> _WORK INSTRUCTION_
Transcribe each of the records below exactly, excluding all pictures.

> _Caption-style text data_

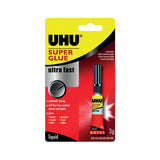 UHU super glue adhesive ultra fast single tube 3g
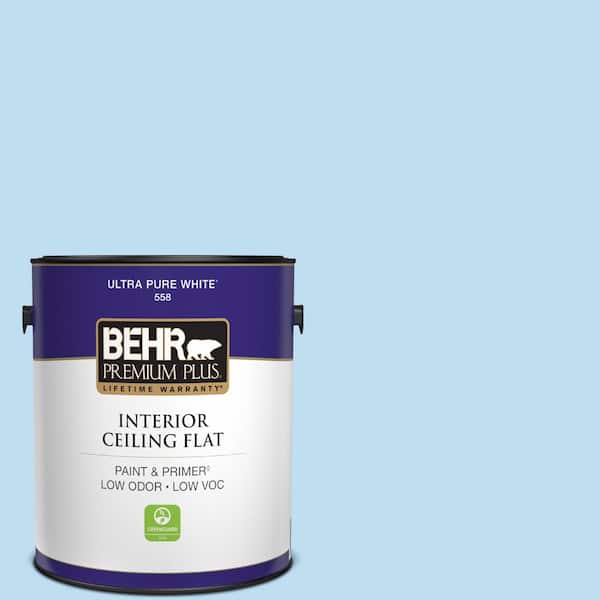 BEHR PREMIUM PLUS 1 gal. #550A-2 Tropical Pool Ceiling Flat Interior Paint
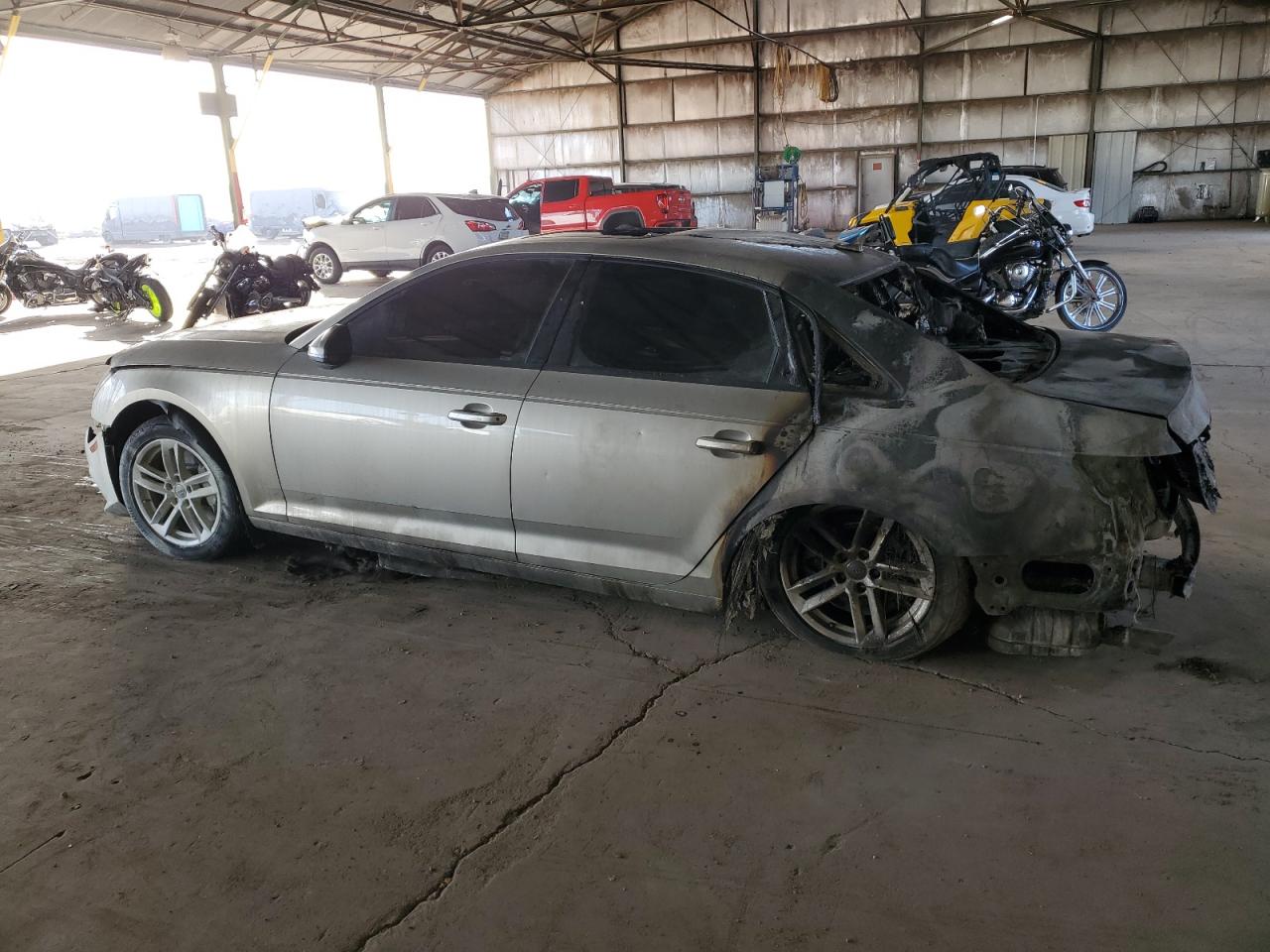 2017 Audi A4 VIN WAUANAF45HN040530 Copart auction photo, burn damage thumbnail 2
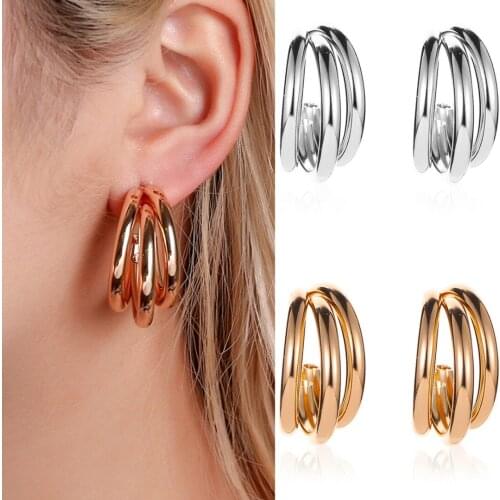 Creative Metal Tube C Shape Hoop Earring Chic Wide Semicircle Curved Women Earring Charm Geometric Jewelry brincos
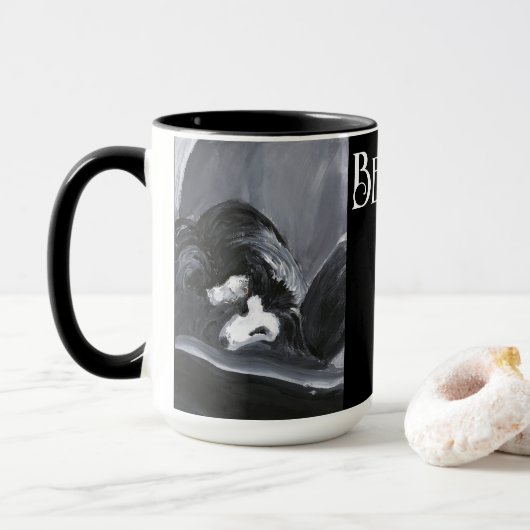 Mug Collie Bordure Possédant Peinture personnalisée (Avec donut)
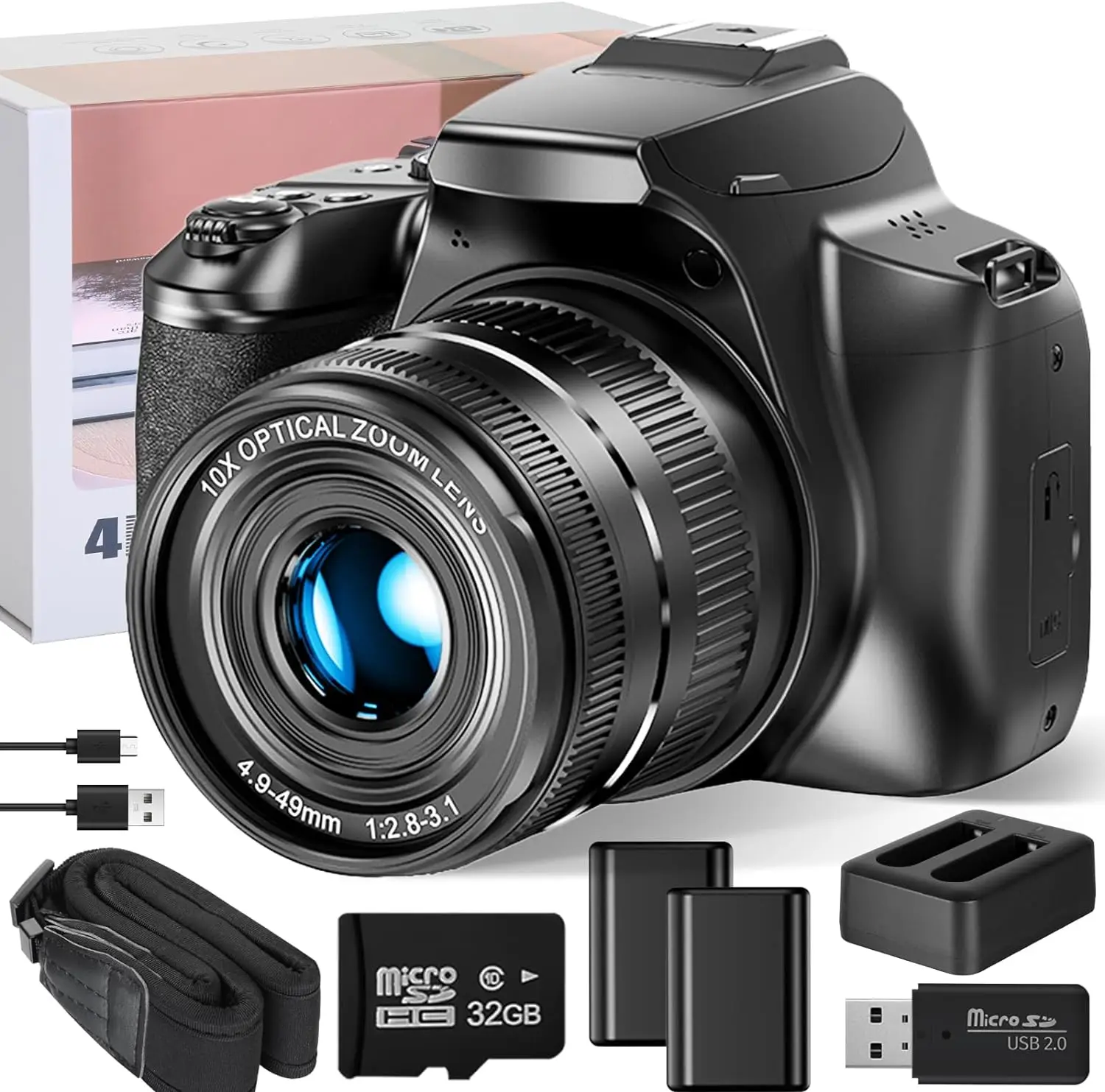 10X Optical Zoom Camera for Photography 4K HD Auto Focus Vlog Video Camera for YouTube 64MP WiFi Livestream Webcam DSLR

> _RESPONSE TO THE EXERCISE_
 UHU super glue adhesive ultra fast single tube 3g
 BEHR PREMIUM PLUS 1 gal. #550A-2 Tropical Pool Ceiling Flat Interior Paint
 2017 Audi A4 VIN WAUANAF45HN040530 Copart auction photo, burn damage thumbnail 2
 Creative Metal Tube C Shape Hoop Earring Chic Wide Semicircle Curved Women Earring Charm Geometric Jewelry brincos
 Mug Collie Bordure Possédant Peinture personnalisée (Avec donut)
 10X Optical Zoom Camera for Photography 4K HD Auto Focus Vlog Video Camera for YouTube 64MP WiFi Livestream Webcam DSLR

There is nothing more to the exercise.